Mike Elliott, who lives in Grand Forks, recently released This Old Canoe: How to Restore Your Wood-Canvas Canoe and gave a talk at New Edition Café and Books about canoes and the Canadian identity before signing a few copies.
Elliott has been restoring old canoes for the past 20 years, and opened a small business restoring them for others in 2003. Since then he has restored 180 canoes.
The first canoe he ever restored was the same make and model that his dad first taught him to canoe in.
“It was quite a coincidence,” said Elliott. “I was restoring this thing — it was about 40 years old — and these memories came flooding back to me of paddling these canoes when I was six years old and it turns out that it was exactly the same make and model of canoe.”
He ended up in possession of that first canoe because he was working as an outreach worker with youth and did a project with a group of boys where they built canoes before heading off on a canoe trip. After that he became known as “the canoe guy” and a man in town gave him an old wood-canvas canoe in need of repair. It has since become Elliott’s family canoe.
He said that he doesn’t restore canoes, but rather the relationship people have with them.
“People who own these canoes will not part with these canoes; they’re part of the family.

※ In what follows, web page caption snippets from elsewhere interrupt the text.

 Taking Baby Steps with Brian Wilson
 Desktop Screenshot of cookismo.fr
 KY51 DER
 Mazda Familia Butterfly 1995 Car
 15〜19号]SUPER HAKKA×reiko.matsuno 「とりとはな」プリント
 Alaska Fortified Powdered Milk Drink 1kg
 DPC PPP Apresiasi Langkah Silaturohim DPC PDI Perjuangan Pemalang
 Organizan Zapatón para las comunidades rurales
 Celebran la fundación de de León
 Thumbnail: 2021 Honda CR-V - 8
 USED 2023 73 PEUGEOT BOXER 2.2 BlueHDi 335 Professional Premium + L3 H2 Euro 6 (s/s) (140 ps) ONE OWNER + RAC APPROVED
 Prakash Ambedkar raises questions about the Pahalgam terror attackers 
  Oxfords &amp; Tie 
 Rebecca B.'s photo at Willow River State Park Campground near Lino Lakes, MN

They’d sooner part with their kids than part with the canoe, and that’s what really drives the business, this family connection, the stories, the memories all wrapped up in the canoe,” he said.
The book features not only how to’s, but also some of the stories behind the canoes that Elliott has worked on, like the canoe he restored so the client’s daughter could paddle it on her wedding day. He will be continuing to tour the book later this month, traveling to upstate New York for a wooden canoe festival and making stops along the way.